-- MATERIAL FOR THIS TASK --
_ _ _
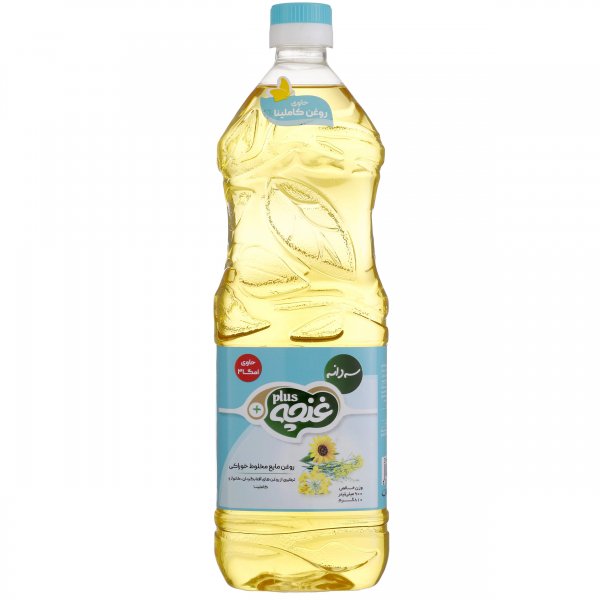 روغن سه دانه غنچه مخصوص پخت و پز مقدار 900 میلی‌لیتر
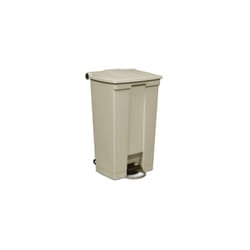 Rubbermaid FG614600BEIG trash can 87 L Rectangular High-Density Polyethylene (HDPE) Beige
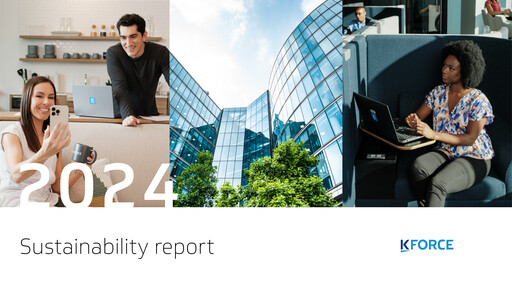Thumbnail Kforce Sustainability Report 2024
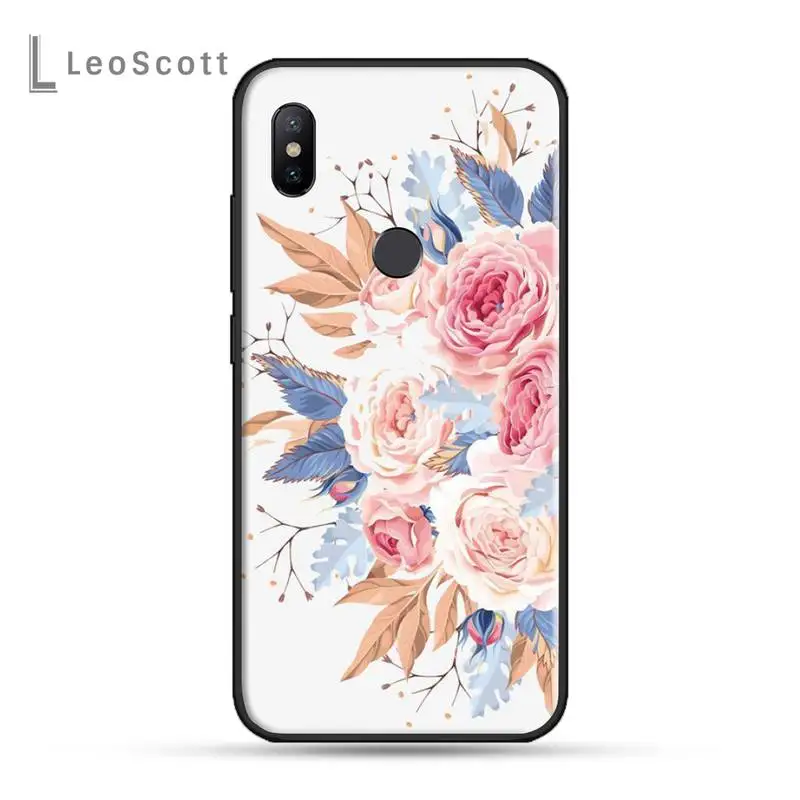 

Colorful Flower floral Vintage print Phone Case For Xiaomi Redmi note 7 8 9 t k30 max3 9 s 10 pro lite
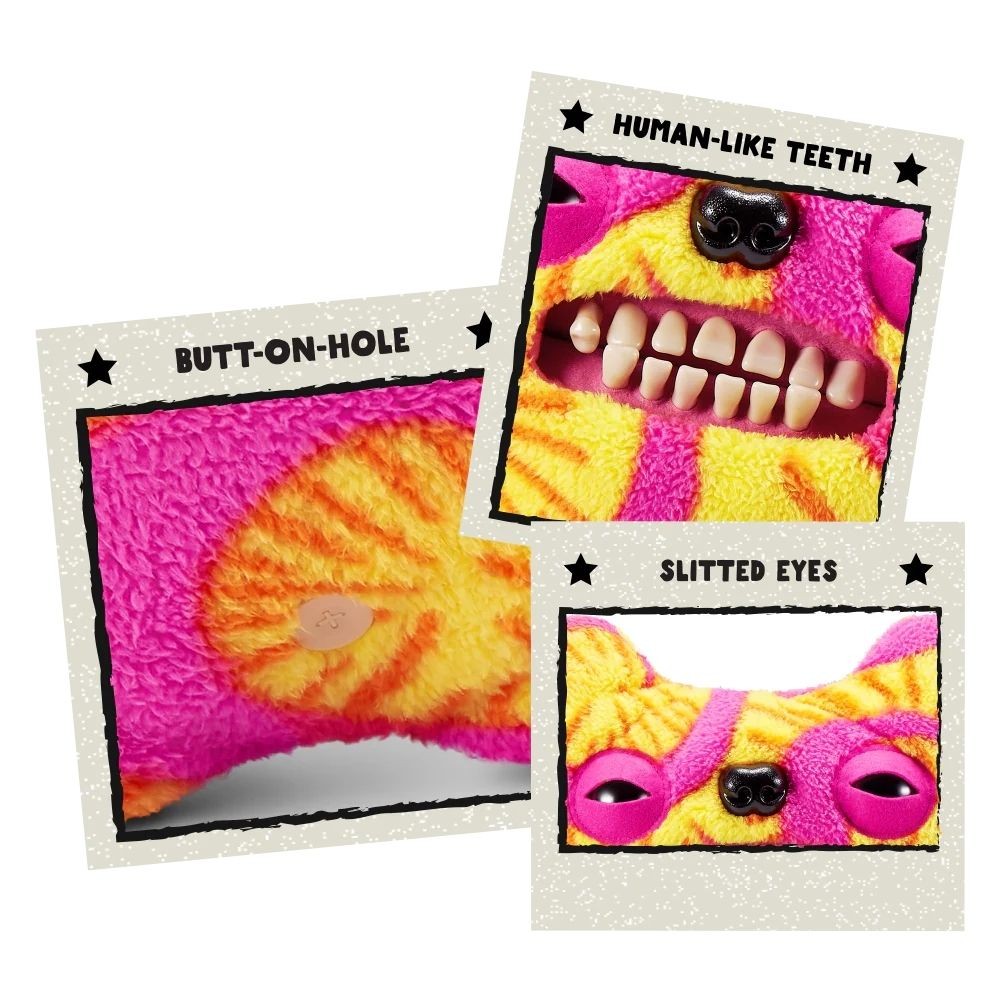 Fuggler Bigg Fugg 18" Funny Ugly Monster Soft Toy Old Tooth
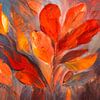 Abstrakte farbenfrohe botanische Kunst: Warme Herbstfarben 2 von STUDIO ARTSY
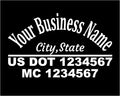 Custom US DOT Trucking Decal Stickers Tow Truck, 18 Wheeler, Van MC Number by AlderaGraphics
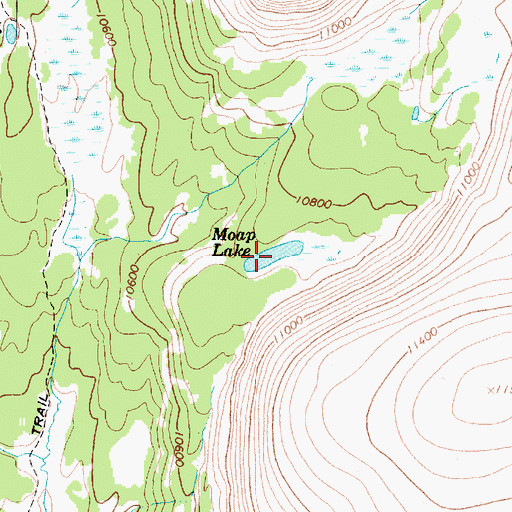 Topographic Map of Moap Lake, UT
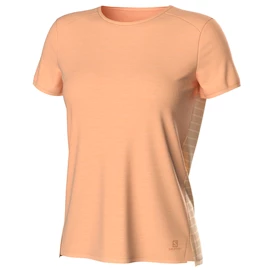 T-shirt pour femme Salomon Outline Summer SS Tee Apricot Ice SS22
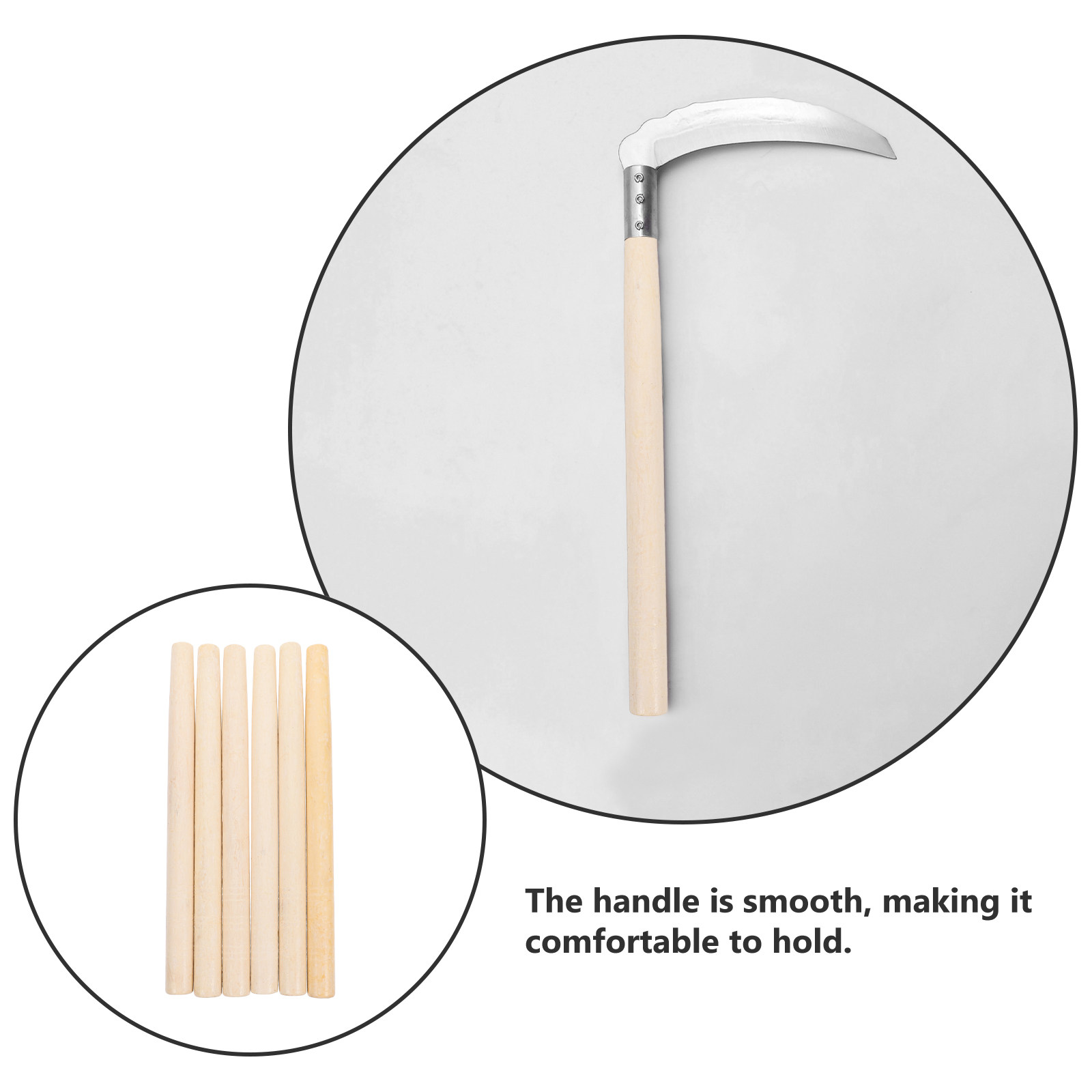 6Pcs Replacement Wooden Handle - Gardening Tools Hoe review and price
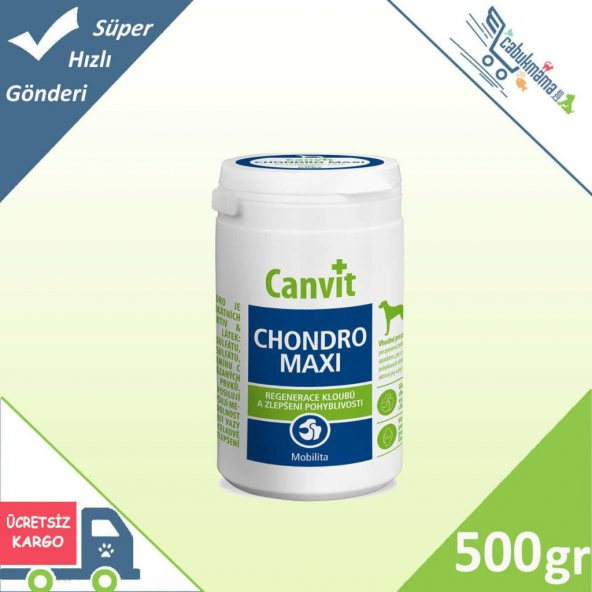 Canvit Chondro Maxi Eklem Desteği ve Kilolu Köpek Vitamini - 500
_ _ _
Output exactly the lines from the line containing "6Pcs Replacement Wooden" through the last line of the records, both included, and leave out every picture.

-- FINISHED EXERCISE --
 6Pcs Replacement Wooden Handle - Gardening Tools Hoe review and price
 Canvit Chondro Maxi Eklem Desteği ve Kilolu Köpek Vitamini - 500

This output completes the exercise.